At the first clinic visit, at a median age of 9 months (IQR 6-16.75 months), 15 (16%) infants had not yet established EI services, and 65 (74%) had unmet developmental service needs. Additionally, many were in need of neurosensory screening: 32 (35%) required referral to ophthalmology and 37 (41%) to audiology for vision and hearing evaluation, respectively. Receipt of physical therapy remained relatively constant over time, and receipt of occupational therapy (OT) and speech therapy (ST) significantly increased with each subsequent visit (OT: odds ratio, OR, 1.4, 95% confidence interval, CI, 1.0-1.9, p = 0.04; ST: OR 2.4, 95% CI 1.8-3.6, p < 0.001). Unmet service needs decreased over time: changes to the EI regimen were less likely to be recommended with each subsequent visit (OR 0.7, 95% CI 0.5-0.8, p < 0.001). Autism was diagnosed in 10 (11%) infants, at a median age of 25 months.

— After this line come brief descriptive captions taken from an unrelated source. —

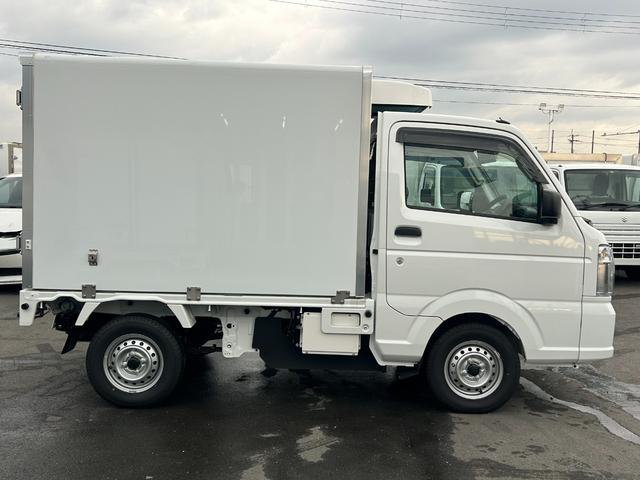 キャリイトラック 冷凍 冷蔵車 菱重製 低温 -30℃設定 AT 2コンプレッサー バックカメラ マット バイザー キーレス パワーウィンドウ リヤコーナーセンサー 横滑り防止(5枚目)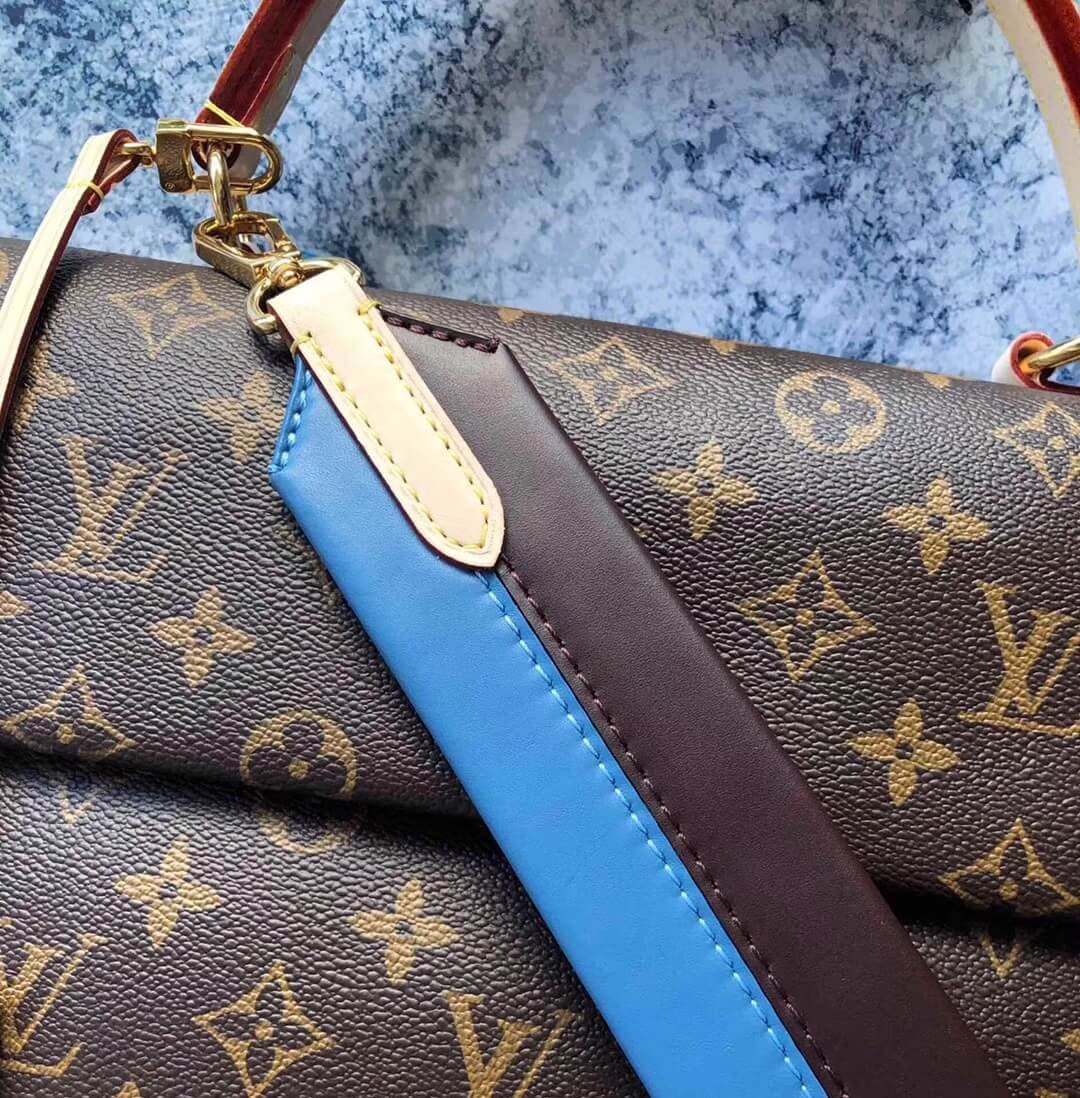 Louis Vuitton Monogram Canvas Cluny MM M42735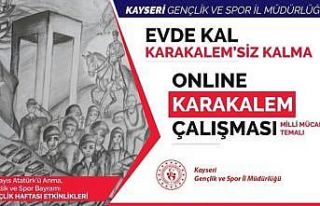 Gençlik Haftası Coşkusu evlerde devam edecek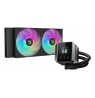 DeepCool MYSTIQUE 240 ARGB Processor All-in-one liquid cooler 12 cm Black 1 pc(s)
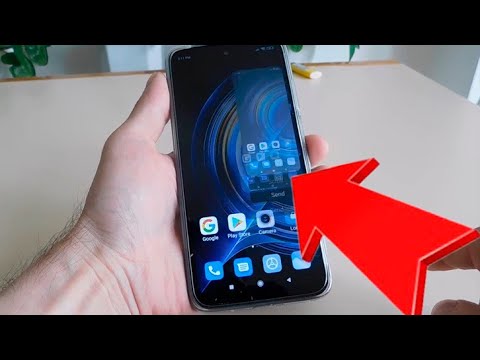 How to take a screenshot on Xiaomi Redmi K50
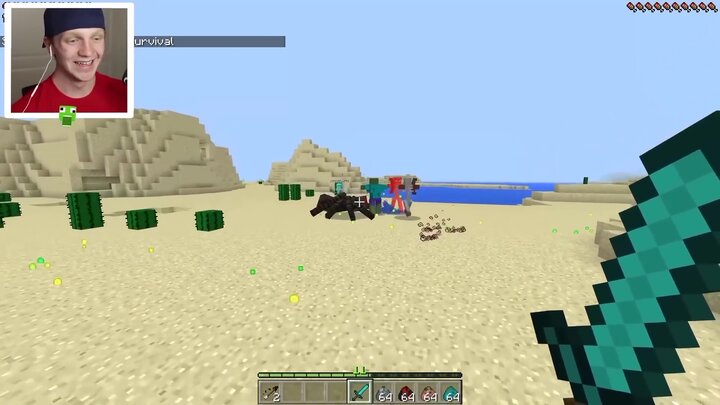 1,000 Zombies vs. Iron Golems / Playing as the Wither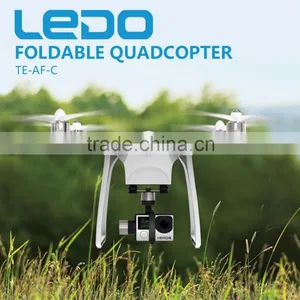 LEDO 2015 Newest Foldable rc Quadcopter Camera ,remote Control Helicopter TE-AF-C thumbnail-1
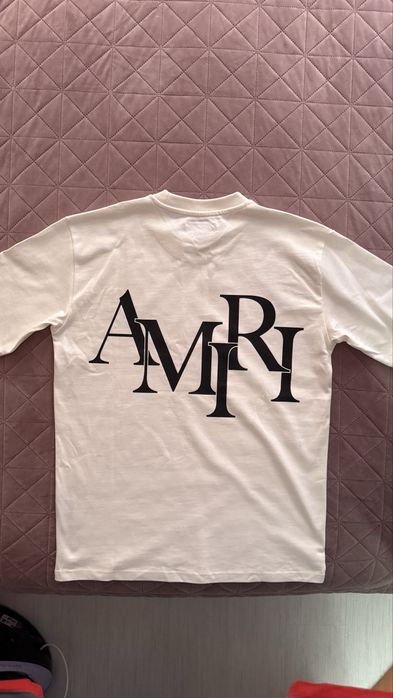 Премиум мъжка тениска AMIRI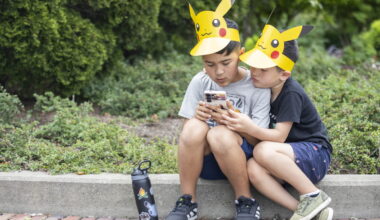 Fans reminisce as kids set out on mission to 'catch 'em all' at Pokémon GO fest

In a multivariable model, race, ethnicity, age at diagnosis, and history of prematurity or NICU admission were not associated with receipt of EI services at the first clinic visit, although non-English primary language was associated with decreased odds of receipt of EI services at this timepoint (aOR = 0.7, 95% CI 0.5 - 1.0, p = 0.049).
Conclusion:
Infants with rare conditions are not receiving the early developmental supports they need following genetic diagnosis, even those discharged from a NICU. A collaborative and longitudinal developmental support program addresses gaps in care for these infants.